Hard signs of vascular injury on physical examination are highly specific, particularly with penetrating extremity trauma (100%).26,27 Similarly, hard signs of arterial injury have been validated as nearly 100% specific in penetrating neck trauma but are present in only 20% of patients.27 The human body has a remarkable system for controlling hemorrhage that is mainly mediated by vascular tone and clot formation. A completely severed artery will often retract into surrounding tissue and constrict, with resultant clot formation and hemostasis. Alternatively, partial lacerations have a higher pro­pensity for continued bleeding. The hard signs of injury will obviously be less applicable in intracavitary thoracic or abdominal vascular injury, with hypotension being the primary indicator of active bleeding. Initial hypotension in the emergency department or operating room is present in 25% of abdominal or thoracic vascular trauma, and if it is present, it is associated with an 86% mortality.28 Overall, less than 10% of vascular injuries will be manifested with hard signs, and the majority will have either soft signs or delayed presentation or be asymptomatic.26,27 Although soft signs of injury have been associated with up to a 63% incidence of vascular injury, the reliability of individual soft signs varies widely.18 The most commonly identified soft sign of vascular injury is a proximity wound, which historically mandated angiography or surgical exploration.

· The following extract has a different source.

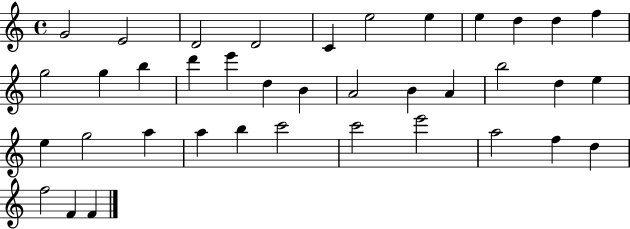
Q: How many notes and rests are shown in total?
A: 38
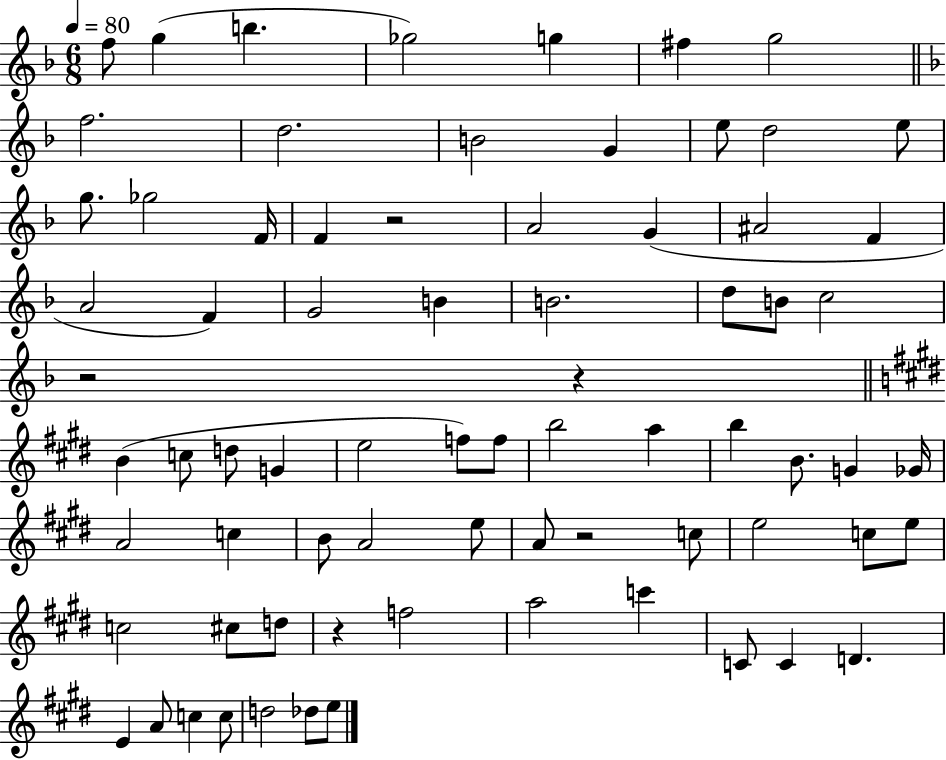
F5/e G5/q B5/q. Gb5/h G5/q F#5/q G5/h F5/h. D5/h. B4/h G4/q E5/e D5/h E5/e G5/e. Gb5/h F4/s F4/q R/h A4/h G4/q A#4/h F4/q A4/h F4/q G4/h B4/q B4/h. D5/e B4/e C5/h R/h R/q B4/q C5/e D5/e G4/q E5/h F5/e F5/e B5/h A5/q B5/q B4/e. G4/q Gb4/s A4/h C5/q B4/e A4/h E5/e A4/e R/h C5/e E5/h C5/e E5/e C5/h C#5/e D5/e R/q F5/h A5/h C6/q C4/e C4/q D4/q. E4/q A4/e C5/q C5/e D5/h Db5/e E5/e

Although proximity wounds have up to a 10% incidence of associated vascular injury, the injuries typically either are insignificant or have accompanying findings on physical examination.18


The reported reliability of physical examination for identifying significant peripheral vascular lesions in civilian trauma is excellent and can be used to select patients for operation, additional imaging, or observation only.26,29,30 However, recent data from the military indicate that the physical examination alone may be much less reliable for combat injuries, with a reported sensitivity of only 38% and negative predictive value of 51%.31 The physical examination is also less reliable in identifying vascular injury from shotgun wounds, and routine imaging is recommended on the basis of proximity even with normal examination findings. The reliability of physical examination is also highly dependent on whether minor and typically clinically insignificant vascular lesions are included. Simple bedside measurement of the injured extremity pressure indexed to a normal limb, including ankle-brachial or wrist-brachial index, has been prospectively validated as 100% sensitive for identifying penetrating extremity vascular injury.32 Smaller series have confirmed the utility of the ankle-brachial index in blunt extremity trauma, and a value of less than 1 is suggestive of injury and should prompt further evaluation or imaging studies.29 Overall, the combination of physical examination and pulse index measurement (for extremity wounds) appears to reliably identify or to exclude the majority of vascular injuries that will require some type of intervention or become symptomatic.32



Head, Face, and Neck


Intracranial injury is typically a combination of injury to the dural arterioles or veins and brain parenchyma and is beyond the scope of this chapter. Vascular injuries of the face are due either to direct penetrating injury to branches of the external carotid artery or to blunt trauma associated with major facial fractures. The clinical presentation is usually obvious, with either external or intraoral/nasal hemorrhage, and commonly associated with aspiration or airway compromise.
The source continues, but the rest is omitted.